Am 15. Dezember 2025 hielt Dr. Hauke Behrendt (Stuttgart) seine Fellow-Lecture zum Thema „Zugänge und Ausschlüsse – Kulturelle Teilhabe gestalten“. Im Anschluss an den Vortrag stellte er sein neues Buch „Ethik der Digitalisierung“ vor.

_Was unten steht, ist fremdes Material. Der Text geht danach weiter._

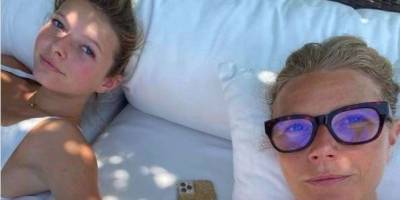 Gwyneth Paltrow and daughter Apple share a summer beach selfie - www.msn.com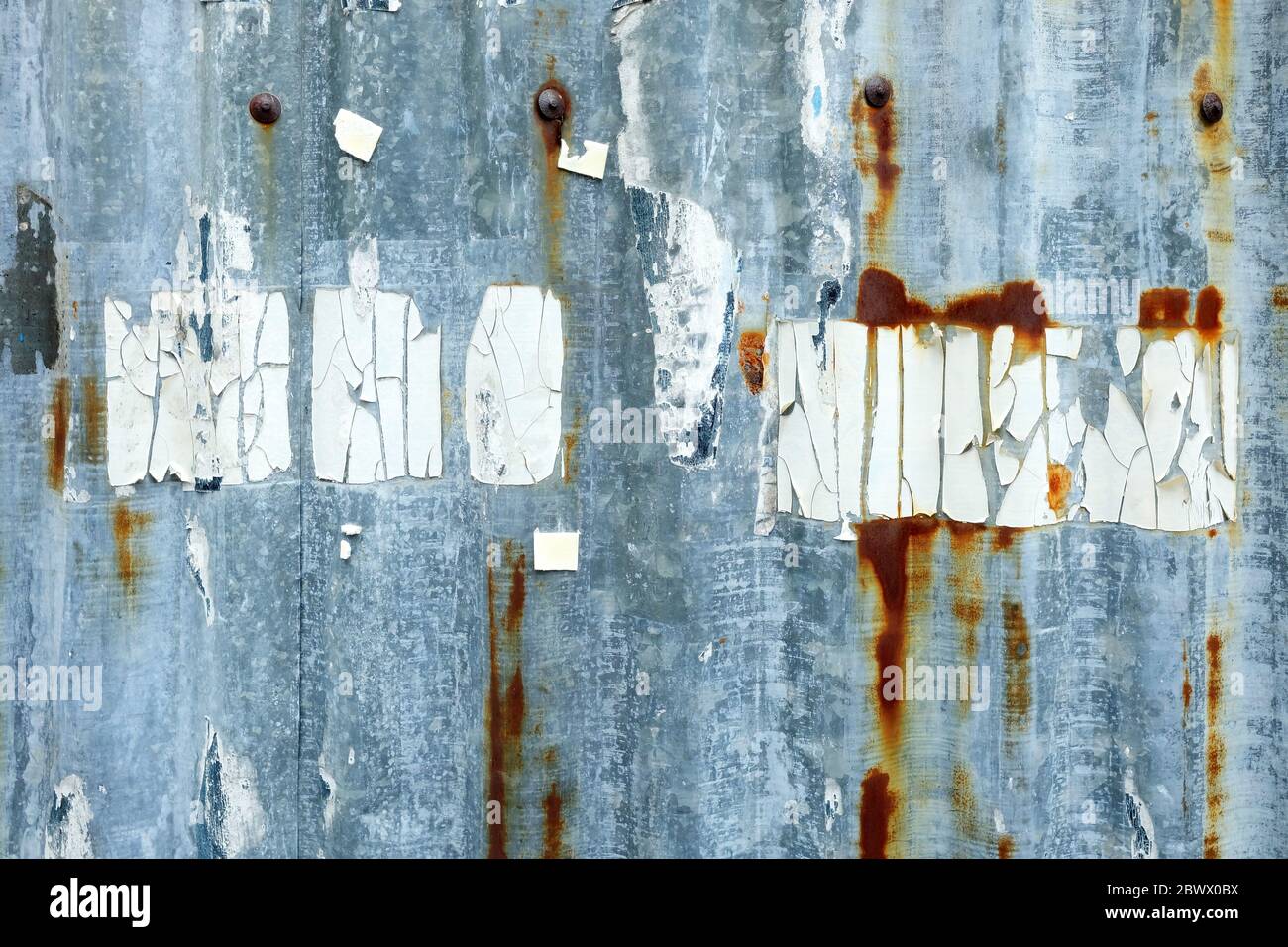 Altes Peeling Poster auf Grunge Zinc Wand Textur Hintergrund. Stockfoto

Der Vortrag diskutierte, wie digitale Technologien kulturelle Teilhabe ermöglichen, begrenzen und neu strukturieren. Digitalisierung gilt häufig als Motor der Inklusion: Sie schafft neue Zugänge zu Kunst, Wissen und Öffentlichkeit. Zugleich entstehen neue Formen des Ausschlusses – durch algorithmische Kuratierung, ökonomische Barrieren oder subtile Prozesse digitaler Normierung. Ausgehend vom Konzept der Teilhabegerechtigkeit wird Inklusion als kontextabhängige und mehrdimensionale Relation verstanden. Die Frage nach gerechter Mitwirkung an kultureller Praxis wurde im Vortrag im Licht des Trilemmas der Inklusion (Mai-Anh Boger) analysiert, das drei teils konfligierende Inklusionsziele unterscheidet: Normalisierung (Überwindung von Marginalisierung durch Öffnung der Zentren), Empowerment (Überwindung von Beherrschung durch Selbstermächtigung) und Dekonstruktion (Überwindung ausschließender Kategorien durch Auflösung von Essentialismen). Diese drei Ansätze stehen in einem dynamischen Spannungsverhältnis: Jede reagiert auf eine spezifische Form von Exklusion, erzeugt oder verstärkt jedoch zugleich andere Ausschlüsse. Der Vortrag plädierte dafür, kulturelle Teilhabe im digitalen Wandel als reflexive Gestaltungsaufgabe zu begreifen. Gerechte Teilhabe lässt sich nicht durch eine einzelne Inklusionsstrategie verwirklichen, sondern nur durch das bewusste Austarieren dieser Spannungen. Am Beispiel der Kunst wurde gezeigt, dass ästhetische Praxis einen kulturellen Raum eröffnen kann, in dem Empowerment, Normalisierung und Dekonstruktion in ein produktives Wechselspiel treten.
Dr. Hauke Behrendt ist Akademischer Rat am Institut für Philosophie der Universität Stuttgart. Seine Forschungsschwerpunkte liegen in der Angewandten Ethik – insbesondere der Ethik der Digitalisierung, der Medizinethik und den Diversity Studies – sowie in der Sozialphilosophie und Politischen Philosophie.